In your copy, include no images and return each entry exactly as written.
*** Begin section ***
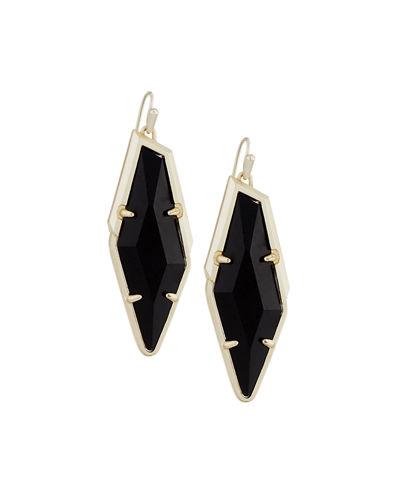 Bexley Statement Drop Earrings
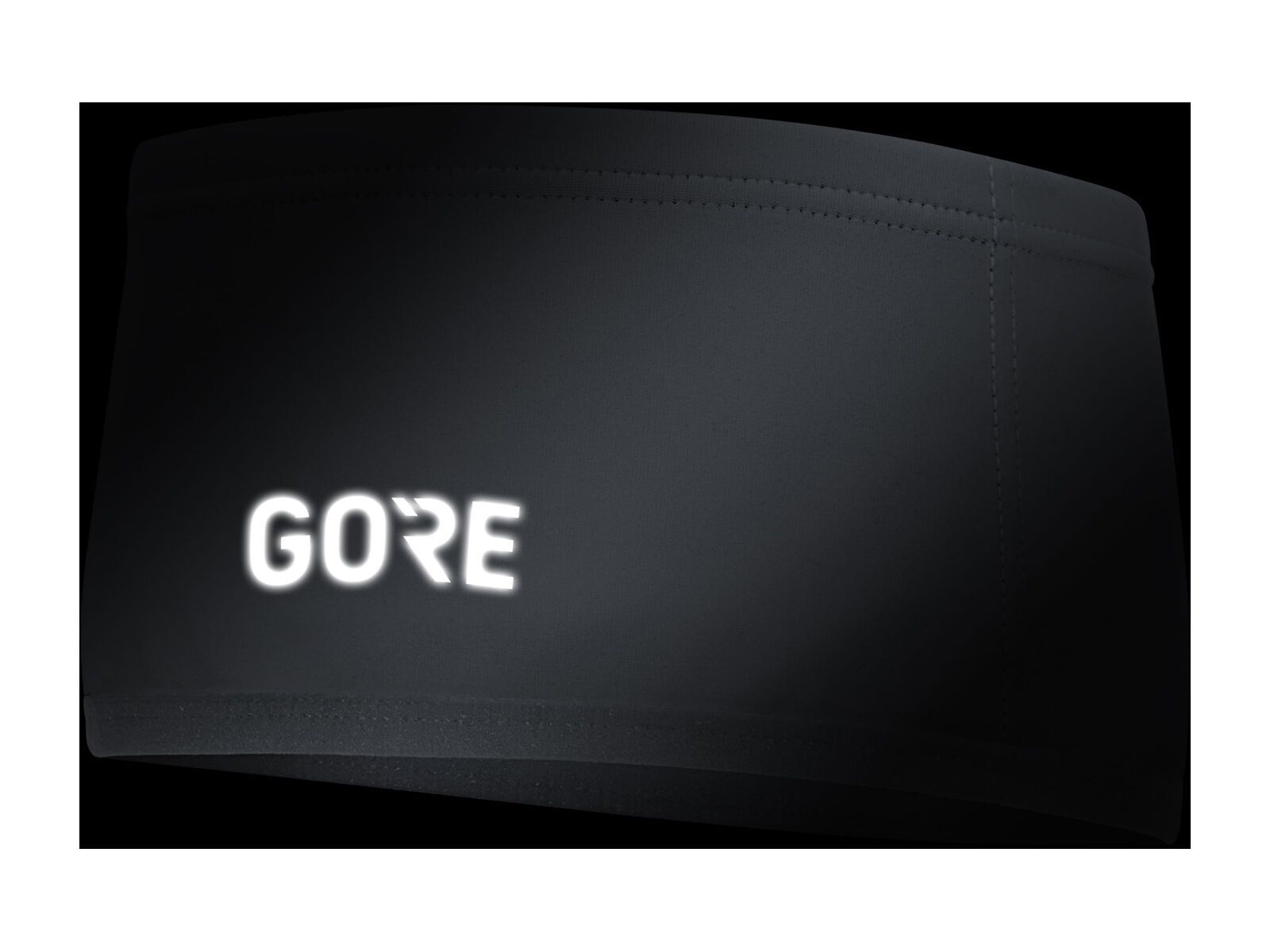 GOREWEAR M Windstopper Stirnband, black - Bild 3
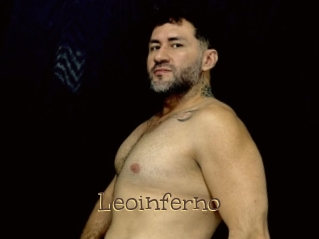 Leoinferno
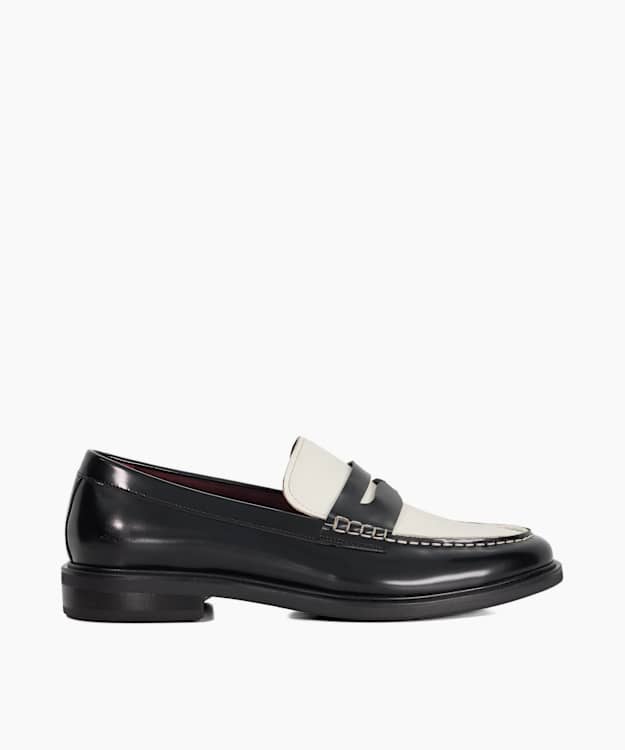 Sascha - Black White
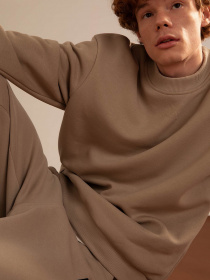 Світшот DeFacto модель W7667AZ-BG699 Фото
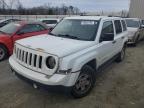 2015 Jeep Patriot Sport for Sale in Spartanburg, SC - Front End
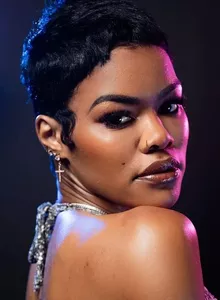 Foto de Teyana Taylor Foto de Teyana Taylor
*** End section ***
* Answer to the problem
 Bexley Statement Drop Earrings
 GOREWEAR M Windstopper Stirnband, black - Bild 3
 Leoinferno
 Sascha - Black White
 Світшот DeFacto модель W7667AZ-BG699 Фото
 2015 Jeep Patriot Sport for Sale in Spartanburg, SC - Front End
 Foto de Teyana Taylor Foto de Teyana Taylor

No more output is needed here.